▶ **YOUR INSTRUCTIONS**
Only the lines from the one with "tables, chaises, terrain" through the last line of the material below belong in the answer, copied exactly and without pictures.

▶ **STORED DATA**
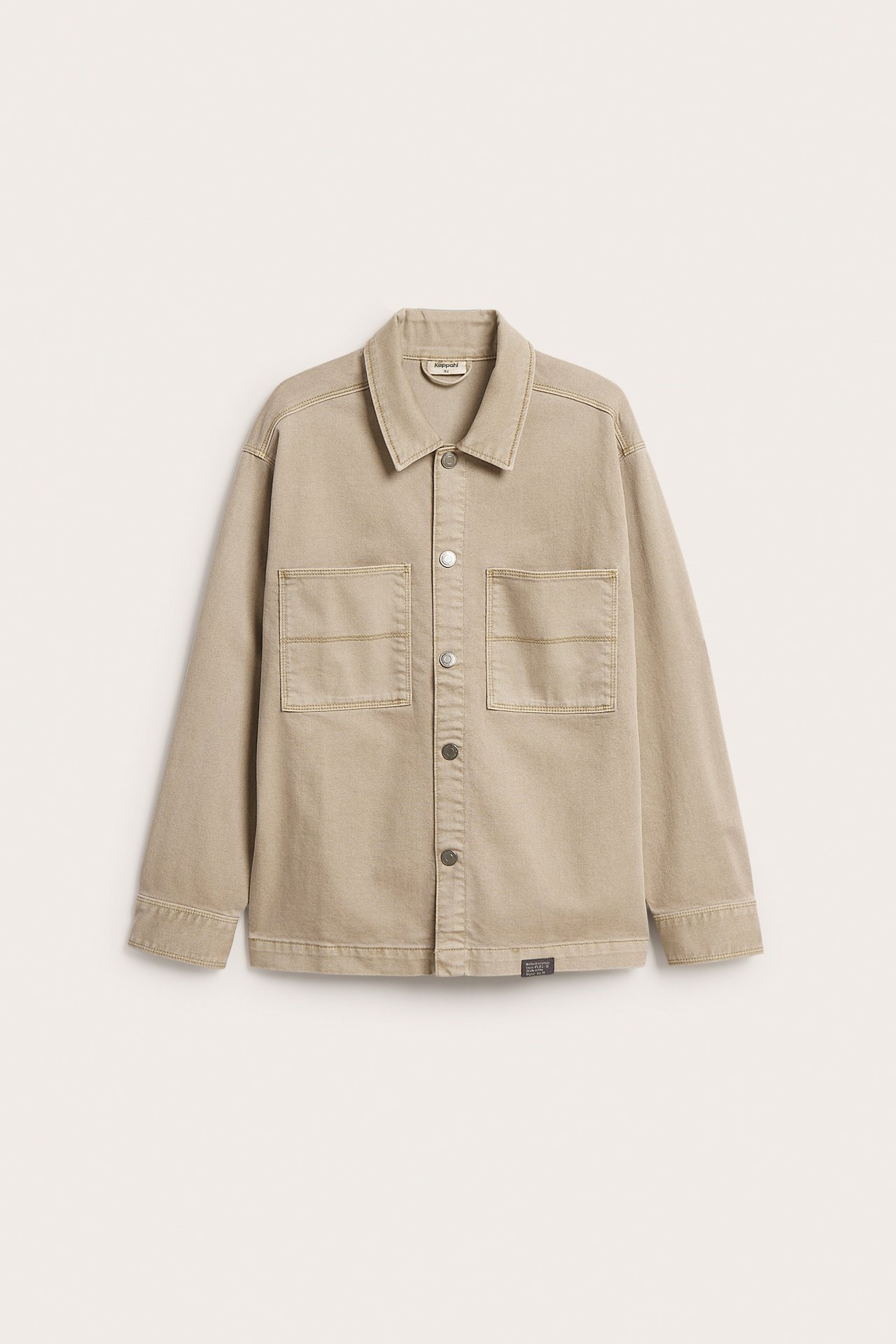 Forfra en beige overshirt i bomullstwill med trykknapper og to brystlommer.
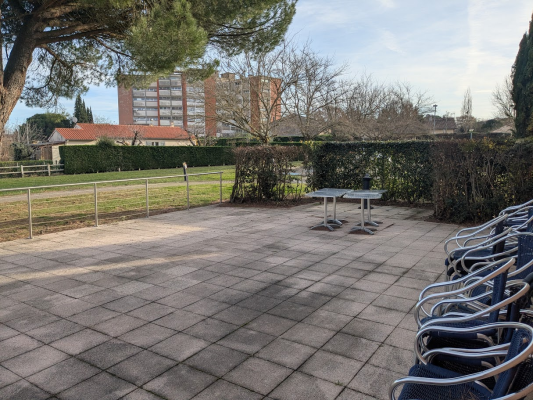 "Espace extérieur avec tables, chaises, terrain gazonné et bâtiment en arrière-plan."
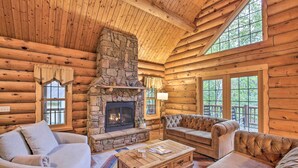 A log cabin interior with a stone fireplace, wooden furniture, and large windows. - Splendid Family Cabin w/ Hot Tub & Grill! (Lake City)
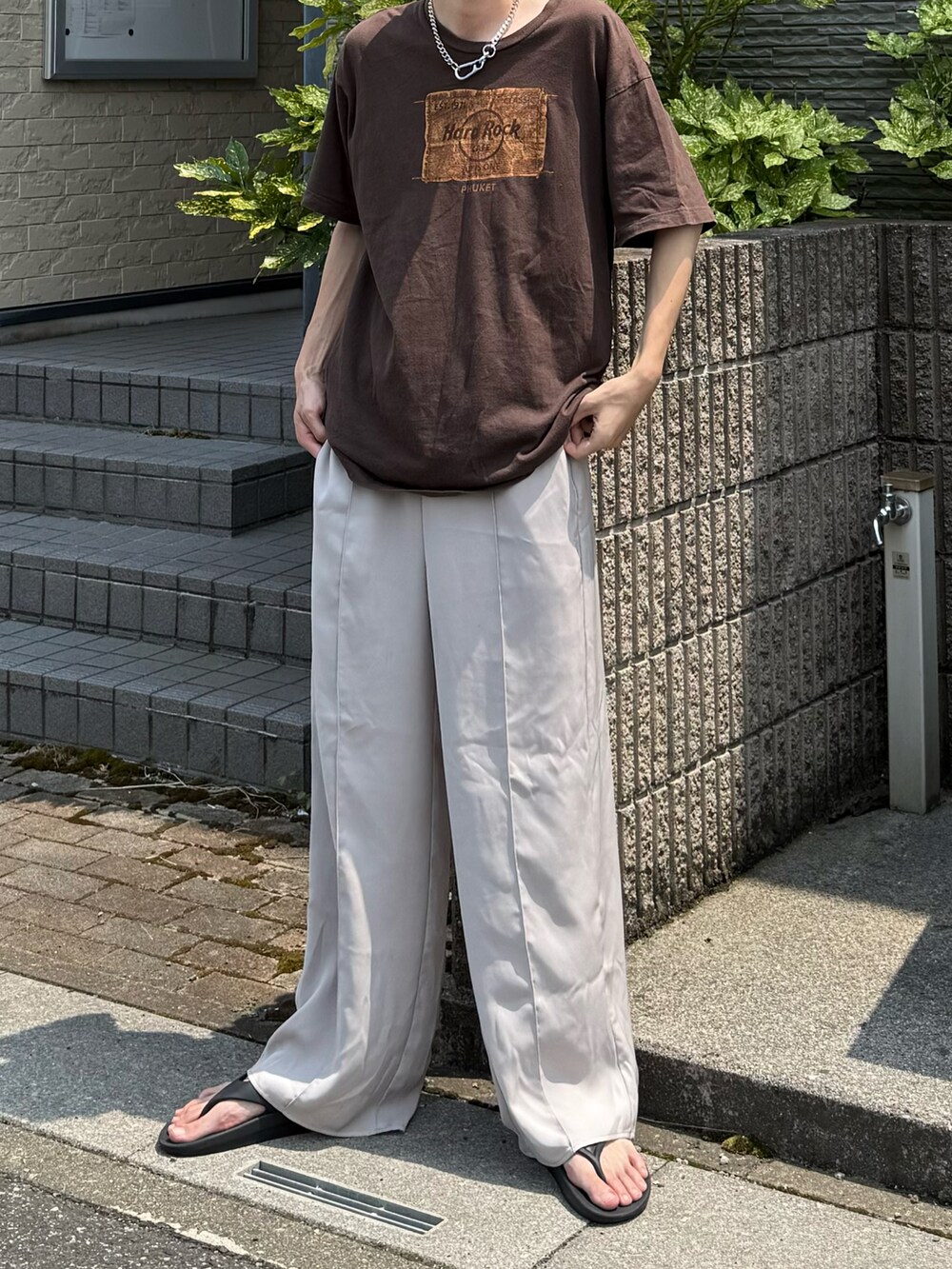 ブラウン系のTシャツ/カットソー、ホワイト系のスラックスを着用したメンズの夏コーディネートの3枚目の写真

▶ **WORKED SOLUTION**
 "Espace extérieur avec tables, chaises, terrain gazonné et bâtiment en arrière-plan."
 A log cabin interior with a stone fireplace, wooden furniture, and large windows. - Splendid Family Cabin w/ Hot Tub & Grill! (Lake City)
 ブラウン系のTシャツ/カットソー、ホワイト系のスラックスを着用したメンズの夏コーディネートの3枚目の写真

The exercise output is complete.